According to, hardly anyone remembers that once a great number of Hungarians were fighting for the Austro-Hungarian Monarchy on the seas—and underneath. Proposed by the admiralty, the Austro-Hungarian Navy ordered plans for the first submarines in 1906 from the Lake Torpedo Boat Company. These warships later successfully served the navy in several naval battle.

In fact, the Austro-Hungarian Monarchy was the last among the European superpowers to build a submarine fleet. The forces of the Central Powers were lagging behind, which is well illustrated in that the French Navy had 26 submarines operating and 20 under construction and the British Navy had 9 submarines operating and 21 under construction by 1905, whereas the German and the Austro-Hungarian Navy were only at the initial design stages by that date.

However, the breakthrough in expanding its naval force came in 1906, when the American Lake Torpedo Boat Company was commissioned for building the two U-1 class submarines. The naval warships were 100 feet long and as built were each powered by two gasoline engines while surfaced, and two electric motors when submerged. Shortly afterwards, the navy also authorized two U-3 class boats, U-3 and U-4, from the Germaniawerft shipbuilding company. Built by Whitehead & Co to the same design as the C class for the US Navy, the Austro-Hungarian Navy later purchased two U-5 class boats, too.

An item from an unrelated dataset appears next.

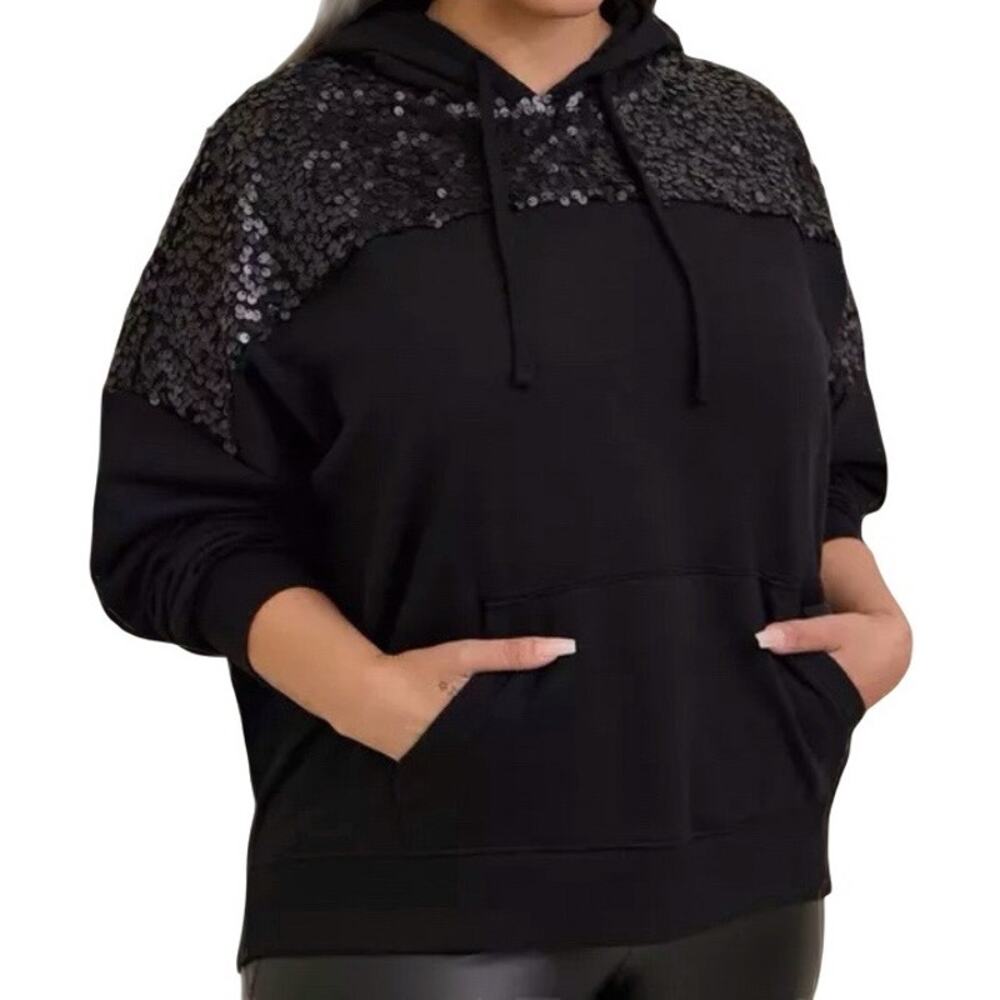 Torrid Super Soft Fleece Sequins Yoke Drop Shoulder Sweatshirt Size 2 2X Hoodie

The home port of the Austro-Hungarian Navy was the naval base at Pola, a role it took over from Venice, where the early Austrian Navy had been based. Supplementary bases included the port of Trieste and the natural harbour of Cattaro at the most southerly point of the Austro-Hungarian Monarchy. Both Trieste and Pola had major shipbuilding facilities. The naval installations at Pola contained one of the largest floating drydocks in the Mediterranean.

Glorious Hungarian submarines


During the First World War, the navy saw some action, but prior to the Italian entry, the submarine fleet spent much of its time in its major naval base at Pola. After the assassination of Archduke Franz Ferdinand of Austria, however, the peaceful trainings were replaced by constant preparedness. On 15 May 1915, when Italy declared war on Austria-Hungary, the Austro-Hungarian Navy left their harbours in Pola, Sebenico and Cattaro to bombard the eastern Italian coast between Venice and Barletta.

Meanwhile, the admiralty ordered other submarines from the German, while also starting to put some emphasis on domestic factory development and production; therefore, the owner of Whitehead & Co established the Hungarian Submarine-building Company in 1915. Shortly afterwards, the Ganz and Partner, Danubius Machinery, Wagon and Shipyard Co. Ltd. also entered the industry and began the production of submarines in Budapest. Until the end of the war, no fewer than 13 submarines were built in the territory of the Kingdom of Hungary.

The submarine fleet proved to be a match for the Entente naval forces in the Adriatic. In addition to triumphing over several warships, it defeated transport ships, too. Among its number of great successes should be emphasized that the fleet successfully forced an enemy submarine to surrender on 20 December 1914, which was subsequently served the Austro-Hungarian Navy under the name of U-14 until the end of the war.